(Beginning of Extracted entries)

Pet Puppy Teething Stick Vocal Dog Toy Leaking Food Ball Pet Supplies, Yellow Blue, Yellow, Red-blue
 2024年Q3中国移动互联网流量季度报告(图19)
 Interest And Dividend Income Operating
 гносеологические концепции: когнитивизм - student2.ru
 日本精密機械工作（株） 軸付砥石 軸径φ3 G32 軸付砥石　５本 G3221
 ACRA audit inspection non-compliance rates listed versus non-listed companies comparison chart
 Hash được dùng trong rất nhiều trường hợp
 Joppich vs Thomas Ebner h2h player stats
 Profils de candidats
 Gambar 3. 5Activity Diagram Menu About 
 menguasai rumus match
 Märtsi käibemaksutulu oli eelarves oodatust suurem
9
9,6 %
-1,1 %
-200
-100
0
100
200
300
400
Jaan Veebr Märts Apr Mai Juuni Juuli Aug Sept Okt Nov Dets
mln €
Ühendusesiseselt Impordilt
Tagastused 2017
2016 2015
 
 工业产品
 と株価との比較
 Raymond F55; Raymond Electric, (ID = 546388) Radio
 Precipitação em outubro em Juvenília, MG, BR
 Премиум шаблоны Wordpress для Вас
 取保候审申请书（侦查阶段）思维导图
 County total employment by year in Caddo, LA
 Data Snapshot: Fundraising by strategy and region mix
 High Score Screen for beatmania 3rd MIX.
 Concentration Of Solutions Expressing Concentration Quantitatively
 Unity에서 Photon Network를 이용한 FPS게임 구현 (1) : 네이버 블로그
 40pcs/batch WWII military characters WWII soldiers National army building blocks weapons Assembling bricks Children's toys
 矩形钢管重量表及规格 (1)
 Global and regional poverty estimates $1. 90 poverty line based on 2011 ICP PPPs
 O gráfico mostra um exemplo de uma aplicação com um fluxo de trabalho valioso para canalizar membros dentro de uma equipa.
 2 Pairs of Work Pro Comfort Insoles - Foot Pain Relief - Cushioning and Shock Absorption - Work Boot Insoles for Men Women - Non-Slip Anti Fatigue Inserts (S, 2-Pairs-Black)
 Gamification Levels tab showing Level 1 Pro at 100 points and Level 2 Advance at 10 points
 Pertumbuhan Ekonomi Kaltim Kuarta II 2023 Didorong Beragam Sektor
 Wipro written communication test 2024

(End of Extracted entries)

## Assignment
Your task for the entries above: copy exactly the span starting with the line with "Data Snapshot: Fundraising" and going on through the line with "2 Pairs of Work", both lines included, and nothing else.

## Answer to this exercise
 Data Snapshot: Fundraising by strategy and region mix
 High Score Screen for beatmania 3rd MIX.
 Concentration Of Solutions Expressing Concentration Quantitatively
 Unity에서 Photon Network를 이용한 FPS게임 구현 (1) : 네이버 블로그
 40pcs/batch WWII military characters WWII soldiers National army building blocks weapons Assembling bricks Children's toys
 矩形钢管重量表及规格 (1)
 Global and regional poverty estimates $1. 90 poverty line based on 2011 ICP PPPs
 O gráfico mostra um exemplo de uma aplicação com um fluxo de trabalho valioso para canalizar membros dentro de uma equipa.
 2 Pairs of Work Pro Comfort Insoles - Foot Pain Relief - Cushioning and Shock Absorption - Work Boot Insoles for Men Women - Non-Slip Anti Fatigue Inserts (S, 2-Pairs-Black)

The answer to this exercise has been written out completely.